(Data records)
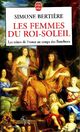  Achetez le livre d'occasion Les reines de France au temps des Bourbons Tome II  : Les femmes du Roi-Soleil de Simone Bertière sur Livrenpoche.com 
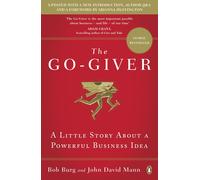 The Go-Giver: A Little Story About a Powerful Business Idea by Bob Burg John Dav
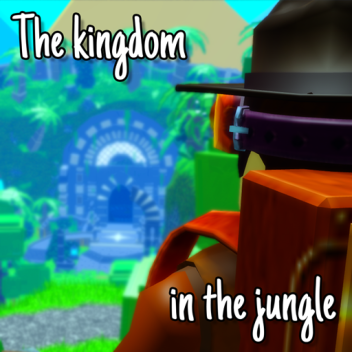 The Kingdom in the Jungle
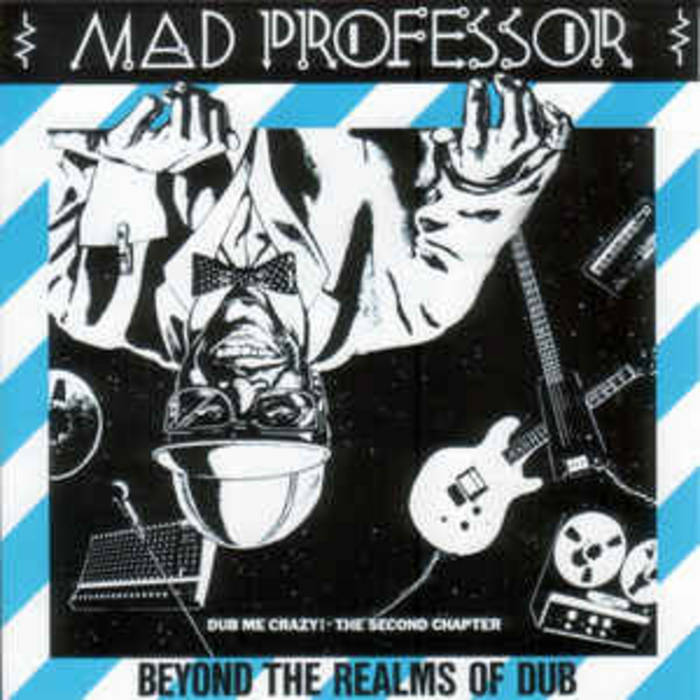Mad Professor - DUB ME CRAZY PT 2: BEYOND THE REALMS OF DUB LP (ARIWA)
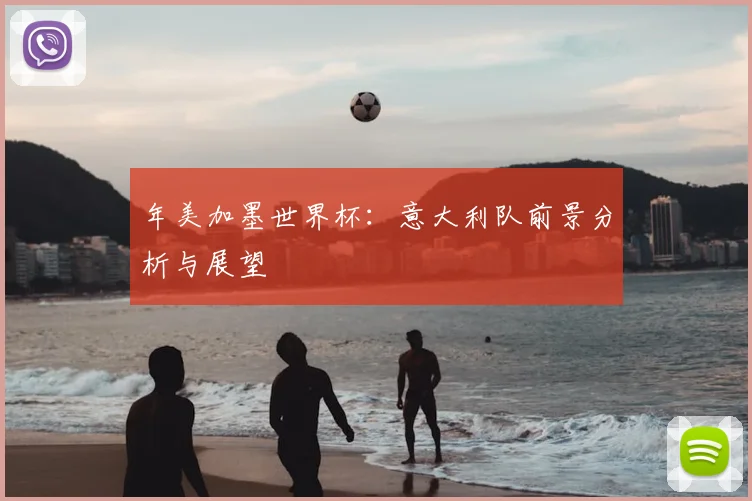 年美加墨世界杯:意大利队前景分析与展望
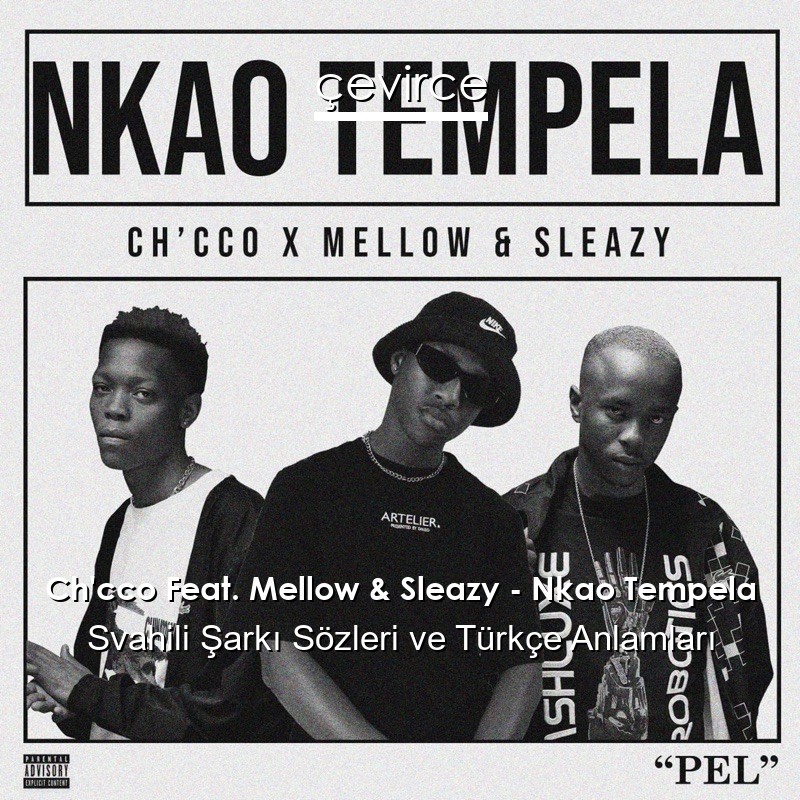 Ch’cco Feat. Mellow & Sleazy – Nkao Tempela Svahili Şarkı Sözleri Türkçe Anlamları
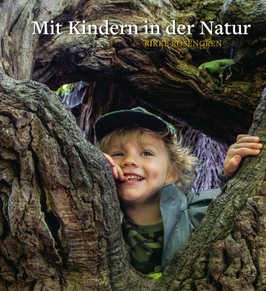 Mit Kindern in der Natur- Rikke Rosengren
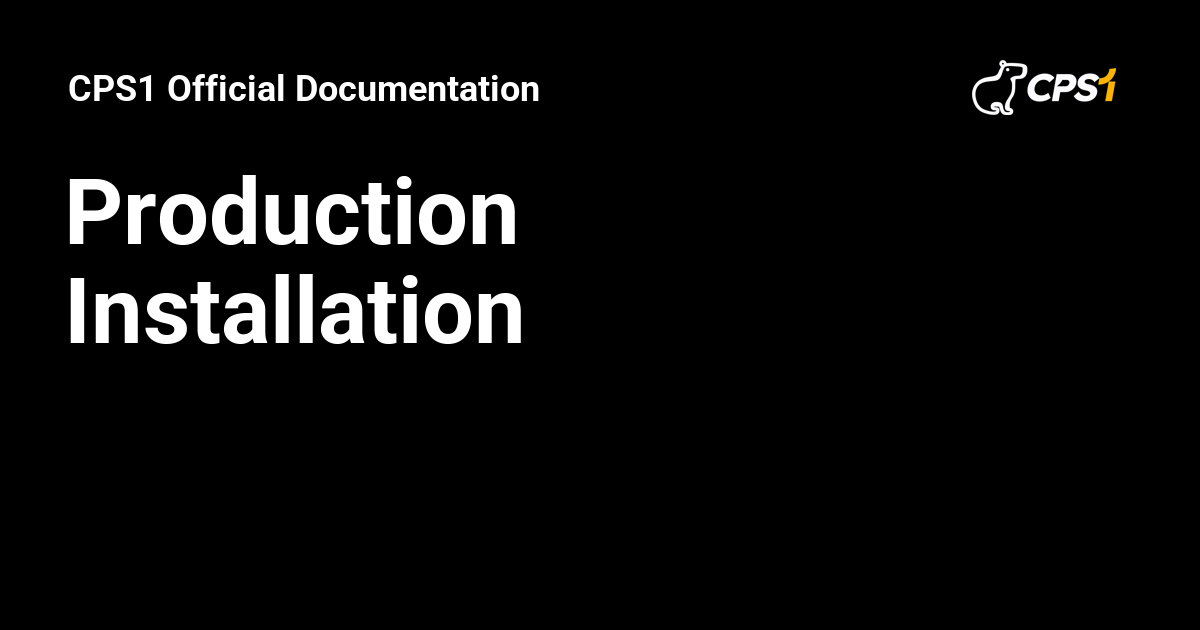 Production Installation - CPS1 Official Documentation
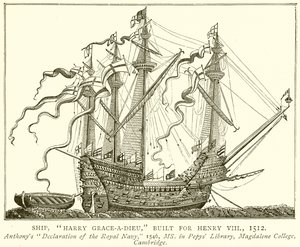Ship, Harry Grace-a-Dieu, Built for Henry VIII, 1512 by English School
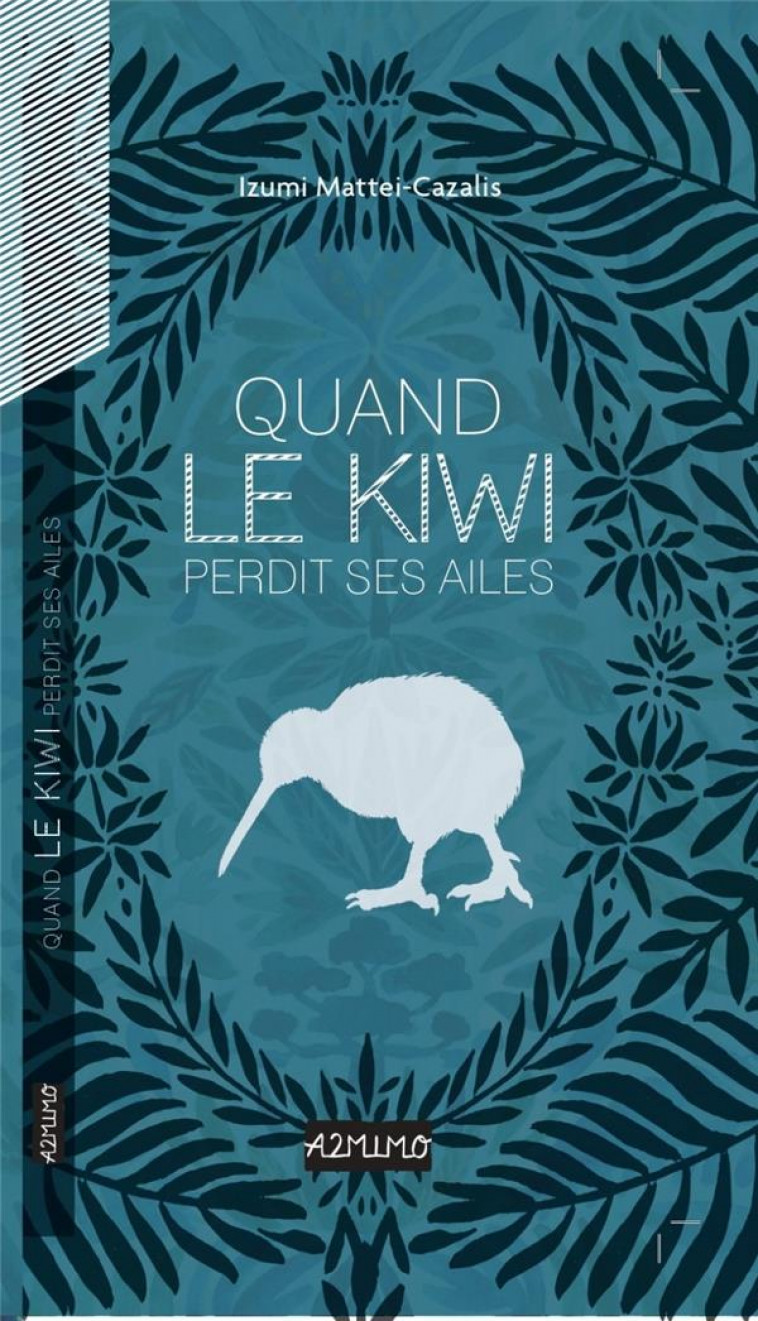 QUAND LE KIWI PERDIT SES AILES - MATTEI-CAZALIS IZUMI - A2MIMO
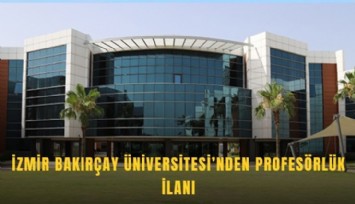 İzmir Bakırçay Üniversitesi’nden profesörlük ilanı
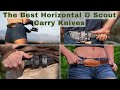 Best horizontal and scout carry knives  tested and reviewed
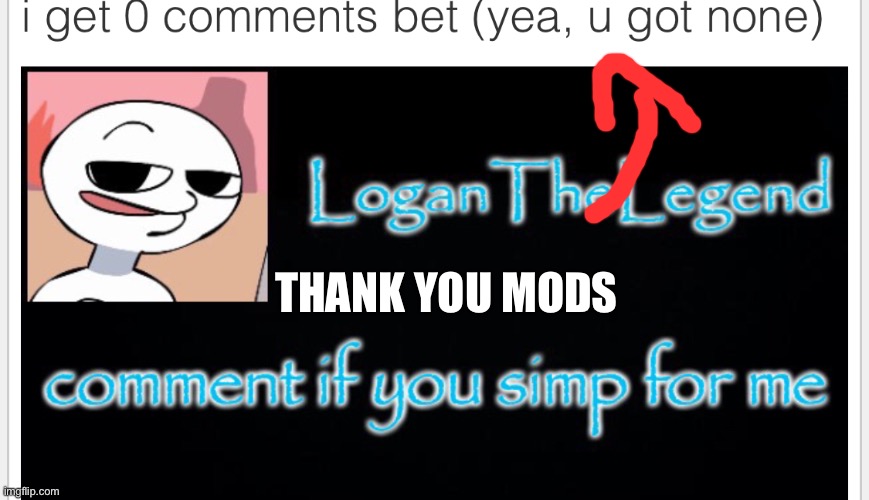 THANK YOU MODS | made w/ Imgflip meme maker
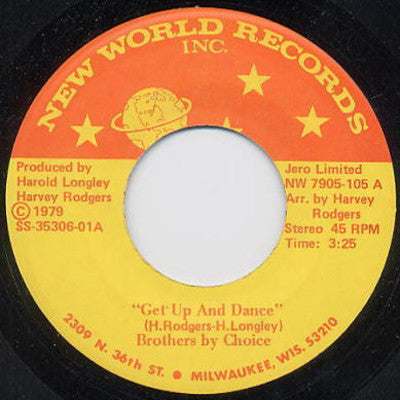Brothers By Choice - Get Up And Dance / Got To Get You Home 7"
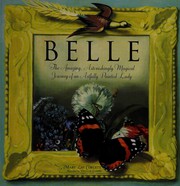 Cover of: Belle: the amazing, astonishingly magical journey of an artfully painted lady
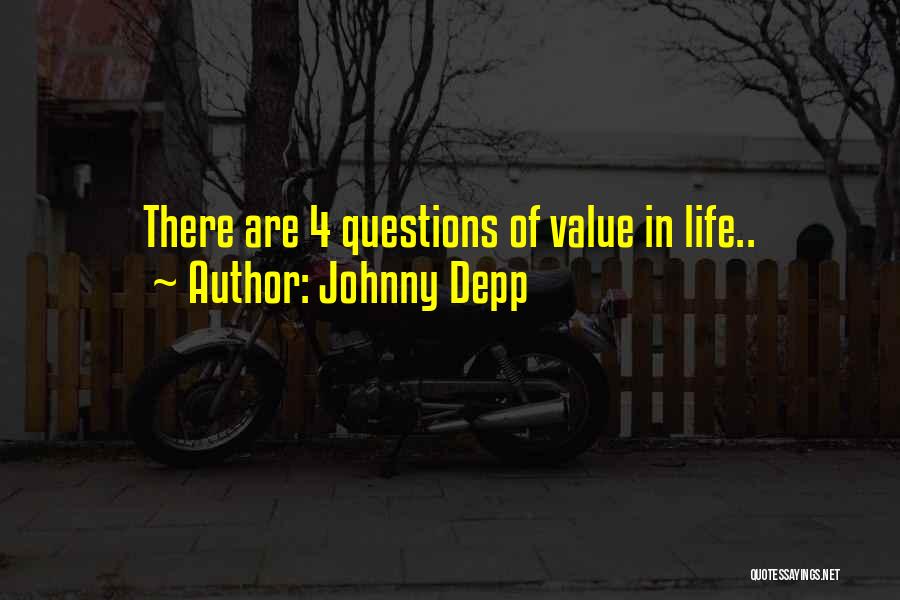 Values In Life Quotes By Johnny Depp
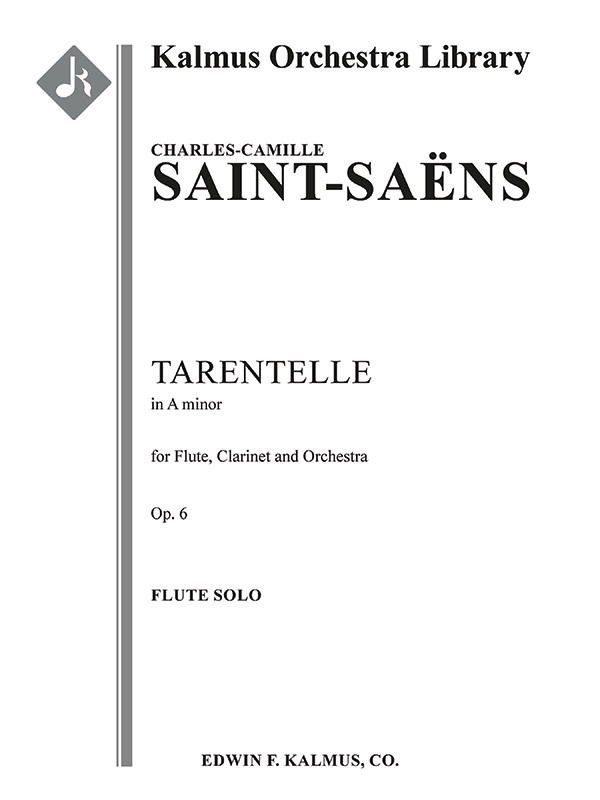 Tarentelle In A Minor For Flute, Clarinet And Orchestra, Op. 6 Solo Flute
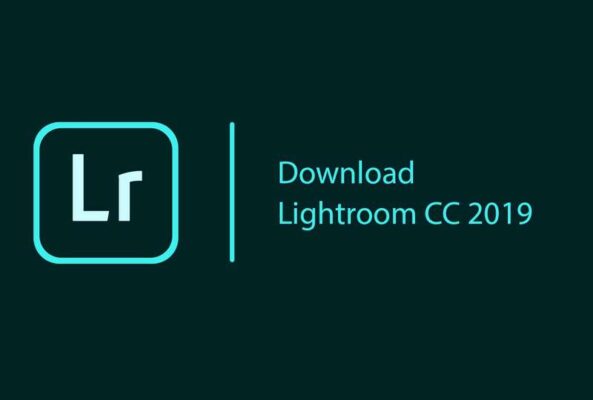 Download Lightroom CC 2019 Full Crack Nhanh - Link GG Drive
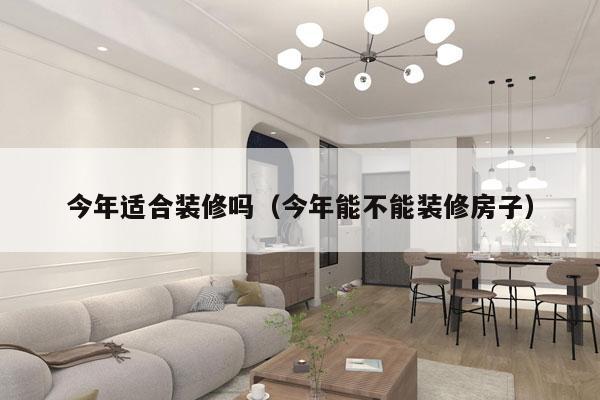 今年适合装修吗（今年能不能装修房子）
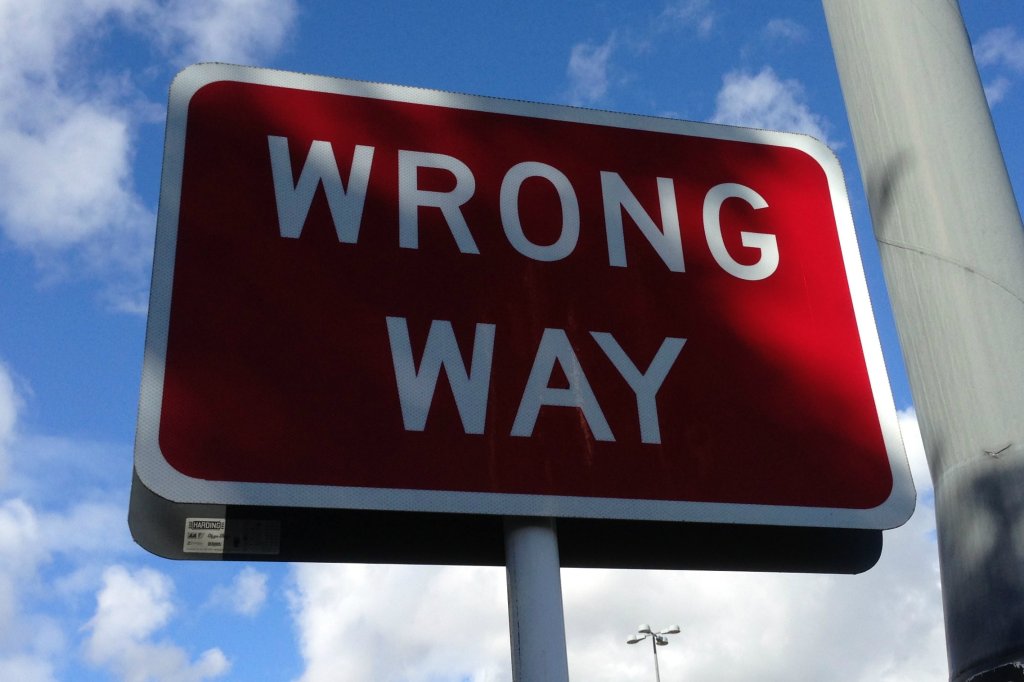 Wrong way.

Description of the task
Would you transcribe the lines above exactly, going from the line bearing "Ch’cco Feat. Mellow" through the line bearing "Cover of: Belle: the", and drop the pictures from the copy?

Expected answer
 Ch’cco Feat. Mellow & Sleazy – Nkao Tempela Svahili Şarkı Sözleri Türkçe Anlamları
 Mit Kindern in der Natur- Rikke Rosengren
 Production Installation - CPS1 Official Documentation
Ship, Harry Grace-a-Dieu, Built for Henry VIII, 1512 by English School
 QUAND LE KIWI PERDIT SES AILES - MATTEI-CAZALIS IZUMI - A2MIMO
 İzmir Bakırçay Üniversitesi’nden profesörlük ilanı
 Best horizontal and scout carry knives  tested and reviewed
 THANK YOU MODS | made w/ Imgflip meme maker
Brothers By Choice - Get Up And Dance / Got To Get You Home 7"
 Cover of: Belle: the amazing, astonishingly magical journey of an artfully painted lady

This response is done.